Perryville is an important battle, settling the fate of Kentucky in the War, and setting the stage for the strained relations between Bragg and his subordinates that persisted through many more battles, and also spelling the demise of Buell as a Union commander. It was also a very odd battle, with a much smaller Confederate army attacking a portion of the Union host under mistaken premise, and most of the Union host sitting the battle out while their brethren were fighting and dying, also due to various mistakes.
All of this makes for a great read, and Noe is a decent writer. However, these are among the worst maps I have ever seen in a military history book, and being able to follow who is where and when is more important to this odd battle's outcome than in many other cases. I would say of all the CW battle studies, the Western theater battles need great maps, and, alas, Noe's book gets not only sub-par maps but absolutely dreadful ones. It becomes a chore to try to follow the action on the maps with their teeny units, incomplete sets of place and unit references, and virtually non-existent indications of terrain. I gave up about halfway through the battle text and re-read Foote to see what happened.
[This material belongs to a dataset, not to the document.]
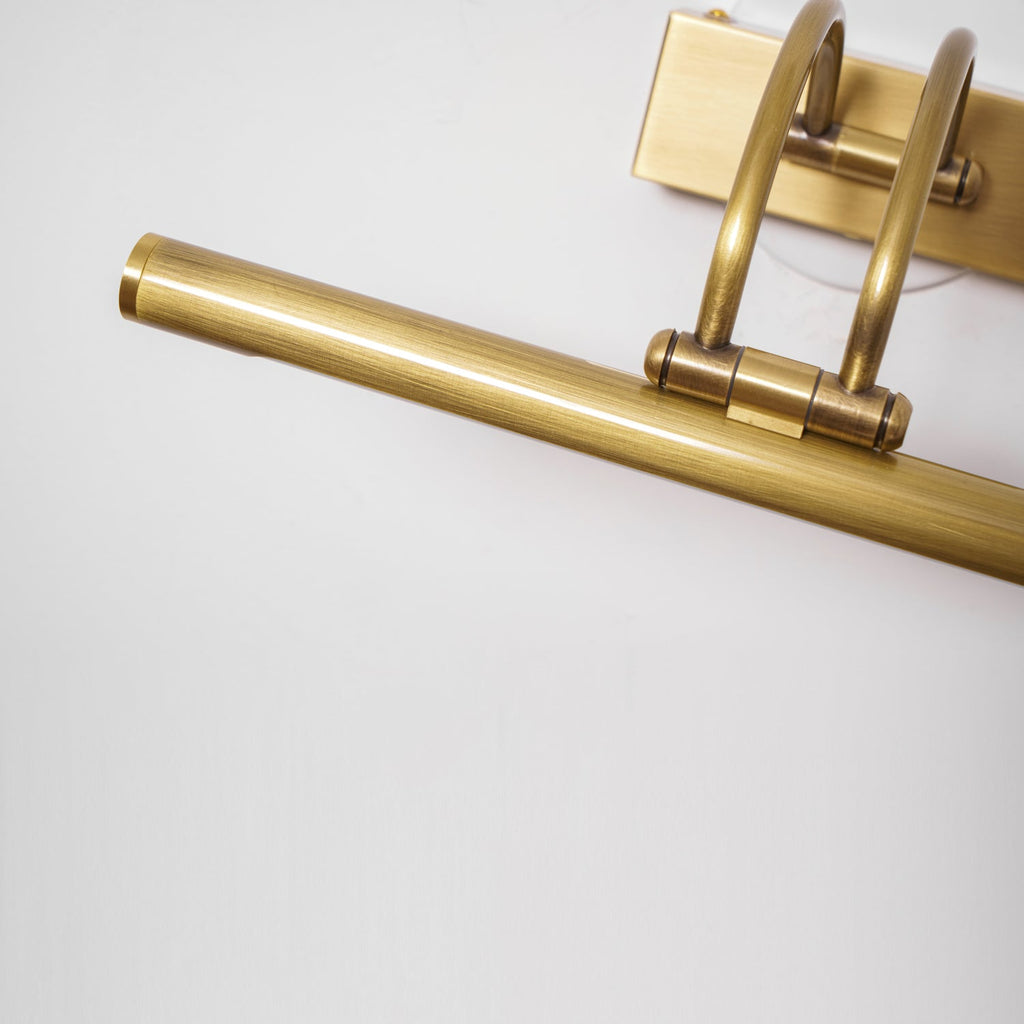 Cylindrical dark bronze vanity bar with white acrylic shade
Not Noe's fault I am sure (as university presses are often very parsimonious in allowing maps, and they often make the author pay for his own cartography or produce them himself) but a good study is handicapped here by this sad omission,
I didn't mind the psychoanalysis so much (Bragg fans may be more troubled) and the level of textual detail is fine and the style fluid and pretty lively. If you have a good map of the battle on hand from some other source, and / or can really picture troop movements and terrain features accurately in your head based on textual descriptions only, this may be worth a try.